Work task
Pull every line that holds the word "comments" from the entries.
......
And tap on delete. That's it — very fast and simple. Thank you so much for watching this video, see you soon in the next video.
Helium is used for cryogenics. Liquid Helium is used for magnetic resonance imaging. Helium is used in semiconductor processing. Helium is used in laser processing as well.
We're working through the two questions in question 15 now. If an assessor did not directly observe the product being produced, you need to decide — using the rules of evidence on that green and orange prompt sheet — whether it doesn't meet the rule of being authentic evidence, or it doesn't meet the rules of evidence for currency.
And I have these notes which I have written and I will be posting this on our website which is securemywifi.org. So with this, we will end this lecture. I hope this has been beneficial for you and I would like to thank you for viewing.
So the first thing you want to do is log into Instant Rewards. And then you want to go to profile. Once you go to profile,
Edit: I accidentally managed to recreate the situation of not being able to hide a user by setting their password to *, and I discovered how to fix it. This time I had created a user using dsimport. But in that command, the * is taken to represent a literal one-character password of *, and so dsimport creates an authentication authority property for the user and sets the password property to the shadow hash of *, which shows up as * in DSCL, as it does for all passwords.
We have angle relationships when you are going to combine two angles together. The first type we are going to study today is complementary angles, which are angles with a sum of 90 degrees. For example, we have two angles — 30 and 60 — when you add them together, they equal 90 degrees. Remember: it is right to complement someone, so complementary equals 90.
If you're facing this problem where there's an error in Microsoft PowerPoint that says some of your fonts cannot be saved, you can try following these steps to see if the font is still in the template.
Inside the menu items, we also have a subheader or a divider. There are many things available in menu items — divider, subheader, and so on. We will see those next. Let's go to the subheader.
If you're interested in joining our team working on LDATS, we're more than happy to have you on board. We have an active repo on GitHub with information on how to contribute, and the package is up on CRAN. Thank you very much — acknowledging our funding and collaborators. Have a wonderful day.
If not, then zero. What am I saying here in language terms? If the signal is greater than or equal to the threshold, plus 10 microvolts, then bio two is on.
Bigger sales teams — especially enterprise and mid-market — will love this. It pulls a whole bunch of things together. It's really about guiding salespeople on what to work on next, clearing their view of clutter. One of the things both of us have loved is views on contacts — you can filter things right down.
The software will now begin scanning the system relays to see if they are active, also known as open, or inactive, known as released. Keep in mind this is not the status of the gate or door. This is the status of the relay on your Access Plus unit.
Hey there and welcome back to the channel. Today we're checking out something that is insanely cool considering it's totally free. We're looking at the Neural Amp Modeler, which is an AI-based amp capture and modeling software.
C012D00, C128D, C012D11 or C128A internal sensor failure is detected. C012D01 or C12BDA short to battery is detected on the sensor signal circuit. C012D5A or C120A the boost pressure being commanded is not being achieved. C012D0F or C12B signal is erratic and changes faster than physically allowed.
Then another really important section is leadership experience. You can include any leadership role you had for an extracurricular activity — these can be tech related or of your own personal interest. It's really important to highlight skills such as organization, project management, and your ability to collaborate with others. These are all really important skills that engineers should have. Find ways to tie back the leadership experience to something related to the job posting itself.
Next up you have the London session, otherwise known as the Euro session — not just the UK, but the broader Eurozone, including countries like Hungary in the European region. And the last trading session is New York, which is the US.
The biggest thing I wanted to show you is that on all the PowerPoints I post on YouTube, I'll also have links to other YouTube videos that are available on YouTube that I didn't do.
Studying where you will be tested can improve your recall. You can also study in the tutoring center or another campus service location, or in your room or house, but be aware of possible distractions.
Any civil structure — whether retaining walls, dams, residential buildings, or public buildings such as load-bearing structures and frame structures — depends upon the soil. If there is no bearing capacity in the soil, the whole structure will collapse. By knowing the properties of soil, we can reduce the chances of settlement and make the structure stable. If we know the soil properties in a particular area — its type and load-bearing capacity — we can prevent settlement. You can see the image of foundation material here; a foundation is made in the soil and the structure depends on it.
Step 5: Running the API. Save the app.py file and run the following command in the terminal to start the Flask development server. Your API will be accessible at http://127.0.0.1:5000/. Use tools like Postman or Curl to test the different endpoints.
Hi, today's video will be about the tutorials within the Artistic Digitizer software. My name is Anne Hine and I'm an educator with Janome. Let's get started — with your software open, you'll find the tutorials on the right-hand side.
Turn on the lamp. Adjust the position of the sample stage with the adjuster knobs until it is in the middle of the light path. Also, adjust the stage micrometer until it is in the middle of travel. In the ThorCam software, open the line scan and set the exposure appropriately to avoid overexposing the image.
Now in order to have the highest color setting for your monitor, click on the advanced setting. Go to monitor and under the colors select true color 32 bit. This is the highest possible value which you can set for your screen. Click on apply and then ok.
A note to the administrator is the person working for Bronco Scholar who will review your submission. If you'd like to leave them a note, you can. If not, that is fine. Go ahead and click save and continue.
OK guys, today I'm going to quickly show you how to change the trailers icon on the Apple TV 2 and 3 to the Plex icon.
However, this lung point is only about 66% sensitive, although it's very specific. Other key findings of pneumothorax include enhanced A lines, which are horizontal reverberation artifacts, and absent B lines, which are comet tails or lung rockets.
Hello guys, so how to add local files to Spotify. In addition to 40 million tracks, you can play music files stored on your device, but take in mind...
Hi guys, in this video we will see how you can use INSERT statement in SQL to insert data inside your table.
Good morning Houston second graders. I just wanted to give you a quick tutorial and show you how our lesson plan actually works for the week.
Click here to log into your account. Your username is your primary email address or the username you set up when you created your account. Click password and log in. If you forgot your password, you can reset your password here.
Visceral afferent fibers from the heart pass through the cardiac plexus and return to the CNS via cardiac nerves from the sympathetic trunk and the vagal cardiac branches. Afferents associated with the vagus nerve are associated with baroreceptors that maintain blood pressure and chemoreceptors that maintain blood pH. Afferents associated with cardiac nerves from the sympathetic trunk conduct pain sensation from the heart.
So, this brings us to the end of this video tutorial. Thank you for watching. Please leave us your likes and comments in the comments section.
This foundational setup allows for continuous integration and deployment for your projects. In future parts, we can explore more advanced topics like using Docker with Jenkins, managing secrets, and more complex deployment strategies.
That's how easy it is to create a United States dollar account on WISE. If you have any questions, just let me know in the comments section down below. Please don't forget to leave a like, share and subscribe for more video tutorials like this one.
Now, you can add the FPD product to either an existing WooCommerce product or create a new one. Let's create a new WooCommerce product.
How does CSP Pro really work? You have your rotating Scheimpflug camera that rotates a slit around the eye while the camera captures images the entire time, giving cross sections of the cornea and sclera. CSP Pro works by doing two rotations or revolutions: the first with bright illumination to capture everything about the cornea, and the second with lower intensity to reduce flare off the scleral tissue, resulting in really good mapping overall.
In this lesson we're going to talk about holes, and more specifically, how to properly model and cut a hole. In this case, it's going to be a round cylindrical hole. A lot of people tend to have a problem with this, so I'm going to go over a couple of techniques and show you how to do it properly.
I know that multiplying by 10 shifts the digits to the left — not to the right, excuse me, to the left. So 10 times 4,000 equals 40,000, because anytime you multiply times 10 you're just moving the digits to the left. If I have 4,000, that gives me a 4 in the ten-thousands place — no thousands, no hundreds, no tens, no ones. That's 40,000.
......
Task result
So, this brings us to the end of this video tutorial. Thank you for watching. Please leave us your likes and comments in the comments section.
That's how easy it is to create a United States dollar account on WISE. If you have any questions, just let me know in the comments section down below. Please don't forget to leave a like, share and subscribe for more video tutorials like this one.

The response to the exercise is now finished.